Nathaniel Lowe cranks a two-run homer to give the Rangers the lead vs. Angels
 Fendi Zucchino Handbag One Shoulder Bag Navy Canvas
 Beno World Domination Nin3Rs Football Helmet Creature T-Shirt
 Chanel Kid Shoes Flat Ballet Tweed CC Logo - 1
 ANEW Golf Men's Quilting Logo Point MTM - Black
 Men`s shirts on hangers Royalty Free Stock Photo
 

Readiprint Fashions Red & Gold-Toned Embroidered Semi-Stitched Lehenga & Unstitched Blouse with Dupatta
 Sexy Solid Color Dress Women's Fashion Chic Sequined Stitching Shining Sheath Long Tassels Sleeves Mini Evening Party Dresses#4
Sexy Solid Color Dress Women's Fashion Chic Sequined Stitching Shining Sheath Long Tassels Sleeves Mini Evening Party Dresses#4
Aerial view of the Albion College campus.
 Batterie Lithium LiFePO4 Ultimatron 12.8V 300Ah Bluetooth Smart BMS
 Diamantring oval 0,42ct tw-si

----

▶ _Task directions_: Only the lines from the one containing "Aerial view of the Albion College campus." through the last line of the entries above should be copied, exactly as written.

▶ _Written solution_:
Aerial view of the Albion College campus.
 Batterie Lithium LiFePO4 Ultimatron 12.8V 300Ah Bluetooth Smart BMS
 Diamantring oval 0,42ct tw-si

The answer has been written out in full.